Inflammatory factor tumor necrosis factor-α (TNF-α) activates P-glycoprotein (P-gp) by phosphorylating c-Jun and thus promotes transportation in placental cells

P-glycoprotein (P-gp), encoded by the ABCB1 gene, actively pumps drugs and other xenobiotics from trophoblast cells back into the maternal circulation and thus acts as one of the most critical protectors of the fetus. The effect of tumor necrosis factor-α (TNF-α) on P-gp and molecule-transporting activity remains unknown. The goal of this study was to investigate the role of TNF-α in placental molecule-transporting activity and the underlies mechanisms.

TNF-α activates P-gp to promote placental molecule-transporting activity by directly upregulating c-Jun expression and phosphorylation. These findings demonstrate the clinical significance of TNF-α in modulating the placental barrier, which plays an important role in protecting fetus against harmful drugs.

Cultured human placental choriocarcinoma cell lines, Bewo, JEG-3 and JAR, were used in this study. Cultured cells were incubated with 5, 10 and 20 ng/mL of recombinant TNF-α (rTNF-α) for 24 h, respectively, for follow-up experiments. The dimer form and expression of activator protein-1 (AP-1) family members were detected using Western blot (WB) and chromatin immunoprecipitation (ChIP). mRNA and protein expression of ABCB1 were detected using reverse transcriptional quantitative polymerase chain reaction (RT-qPCR) and WB, respectively. Double luciferase labeling was used to verify the concentration of digoxin. Electromobility shift assay (EMSA) and ChIP were used to identify the binding ability of c-Jun to ABCB1 gene promoter. Proliferation and apoptosis of Bewo cells were determined using flow cytometry. Digoxin concentration were determined using dual luciferase labeling method.
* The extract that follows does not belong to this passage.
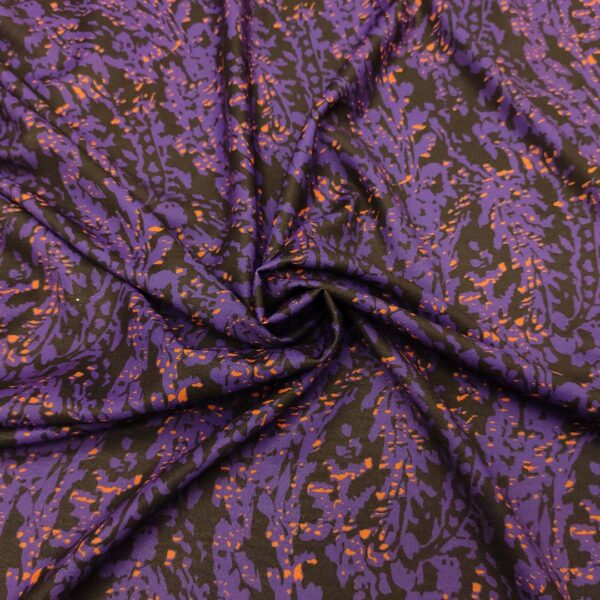 Tessuto Crepe elasticizzato a fantasia motivo astratto viola - nero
Administration of rTNF-α upregulated the expression of c-Jun but not JunB or JunD in a dose-dependent manner and promoted the binding of c-Jun to the ABCB1 promoter region in Bewo cells. rTNF-α also increased the uptake of two P-gp-specific substrates, Rh123 and DiOC2(3), a function reversed by the addition of SP600125 and SR11302. We also found that rTNF-α increased the efflux ratio of digoxin, an outcome that was reversed, as expected, by inhibiting c-Jun and P-gp binding activities. Furthermore, we identified that rTNF-α tightly regulates the molecule-transporting activity of P-gp by promoting the phosphorylation of c-Jun. Conclusions: TNF-α activates P-gp to promote placental molecule-transporting activity by directly upregulating c-Jun expression and phosphorylation. These findings demonstrate the clinical significance of TNF-α in modulating the placental barrier, which plays an important role in protecting fetus against harmful drugs.